Exercise
Using the records below, copy exactly the part that opens with the line holding "9 Панель багажного" and closes with the line holding "Used 2022 RAM 1500 Limited image 15", minus the pictures.

Top of Given data

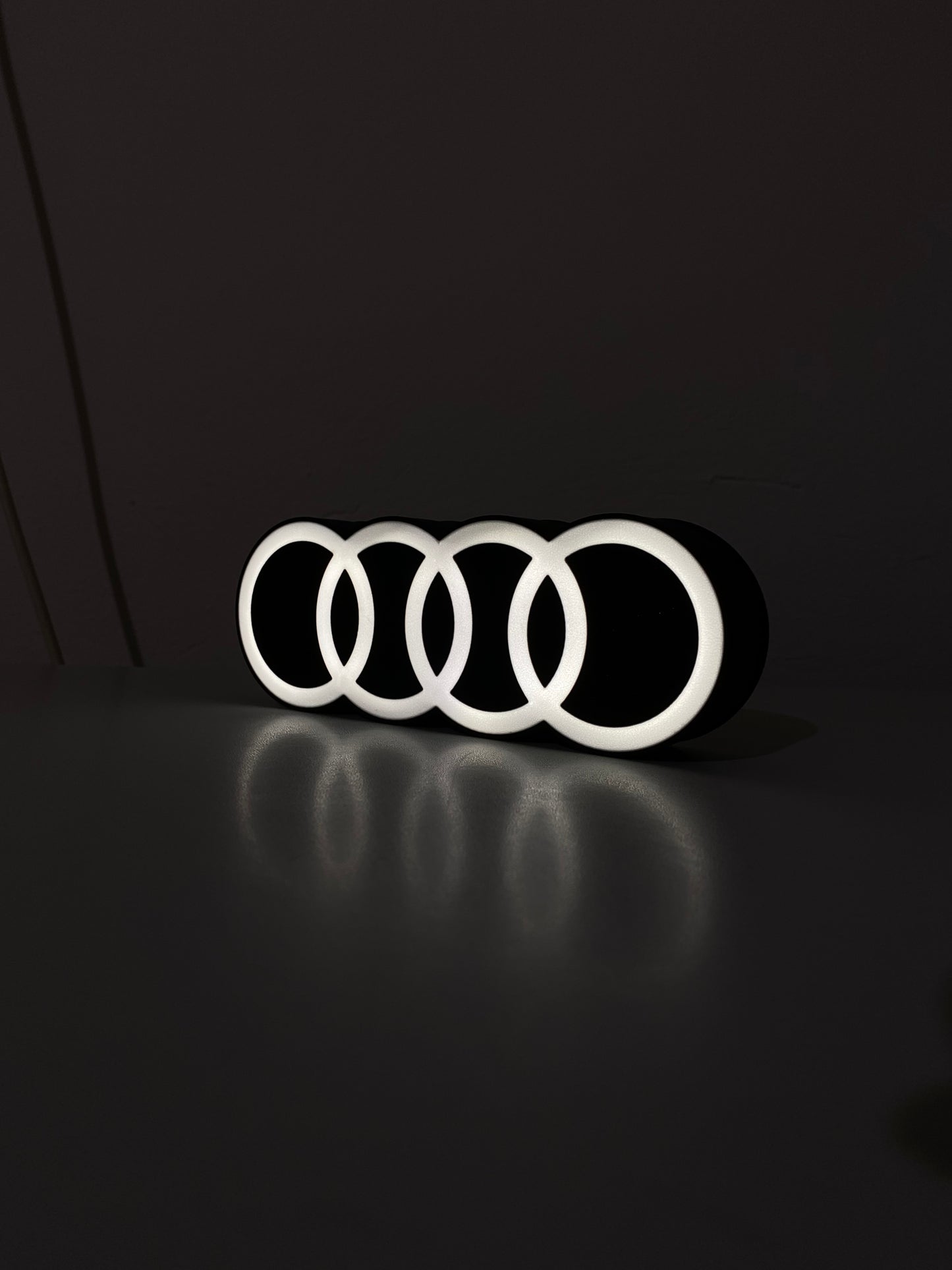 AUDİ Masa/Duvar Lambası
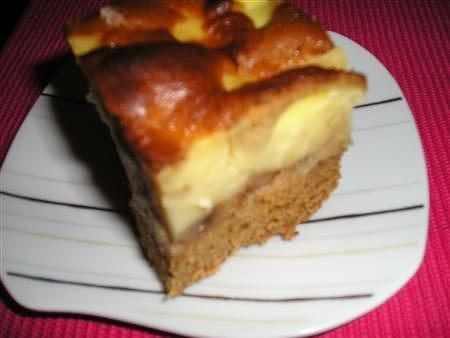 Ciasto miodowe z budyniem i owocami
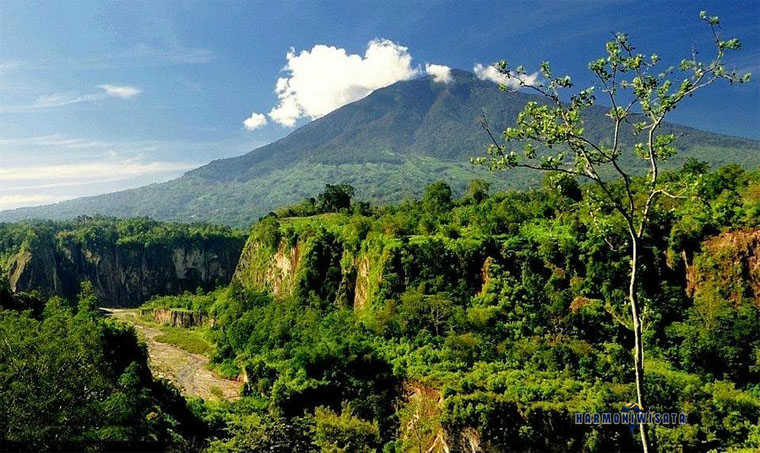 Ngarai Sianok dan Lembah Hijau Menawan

Bottom of Given data
Top of Given data

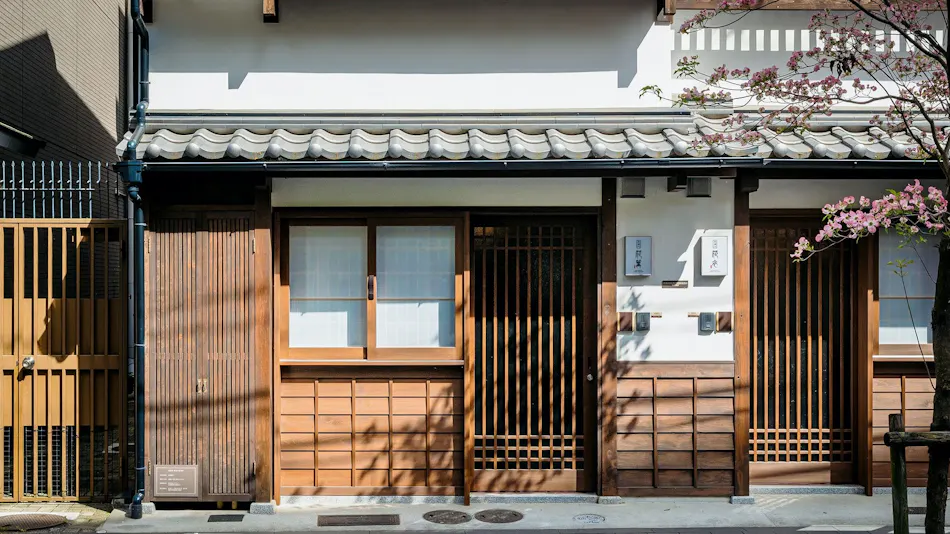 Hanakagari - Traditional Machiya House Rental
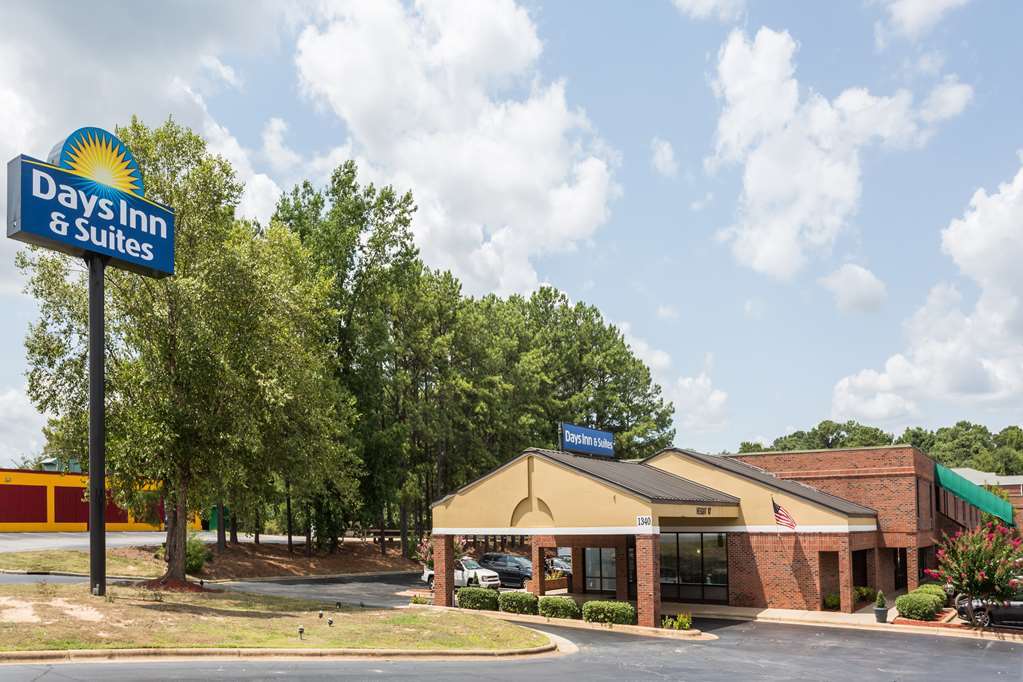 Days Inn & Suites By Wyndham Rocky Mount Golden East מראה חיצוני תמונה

Bottom of Given data
Top of Given data

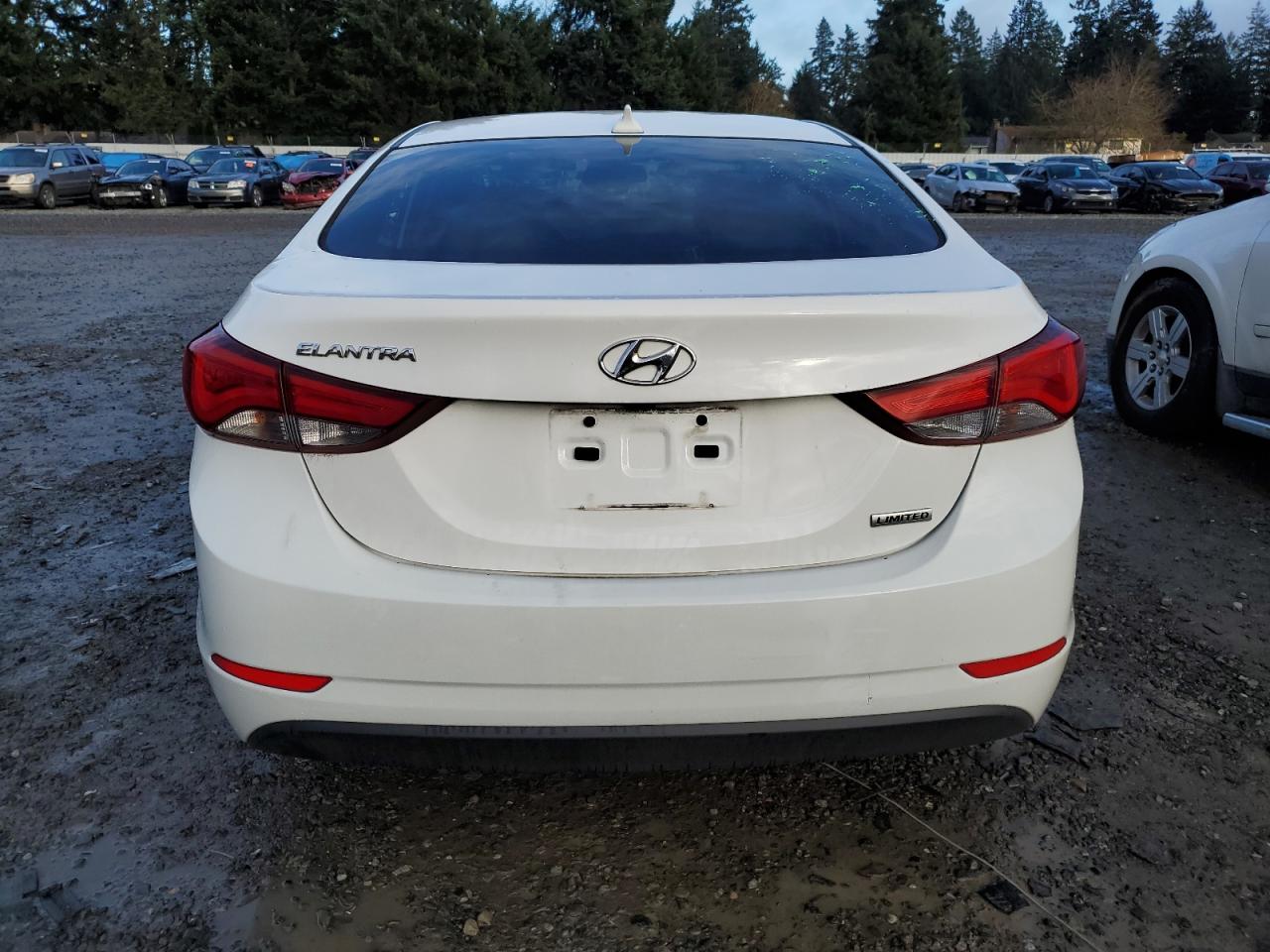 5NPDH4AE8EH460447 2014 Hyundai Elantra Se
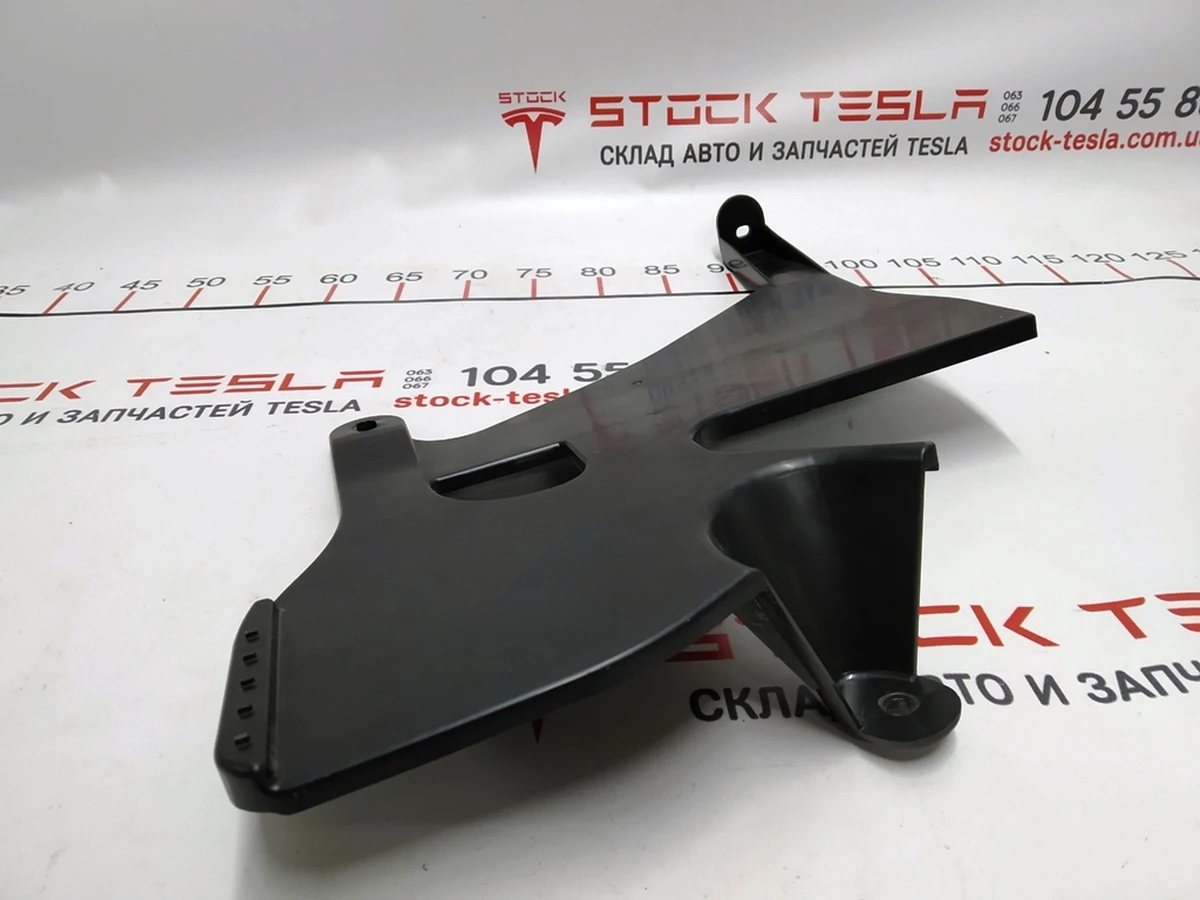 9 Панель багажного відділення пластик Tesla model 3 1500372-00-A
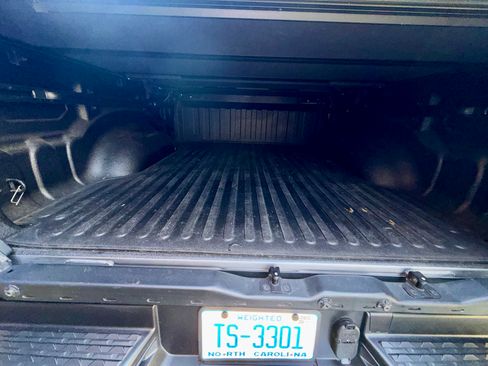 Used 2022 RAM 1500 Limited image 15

Bottom of Given data

Solution to this task
 9 Панель багажного відділення пластик Tesla model 3 1500372-00-A
 Used 2022 RAM 1500 Limited image 15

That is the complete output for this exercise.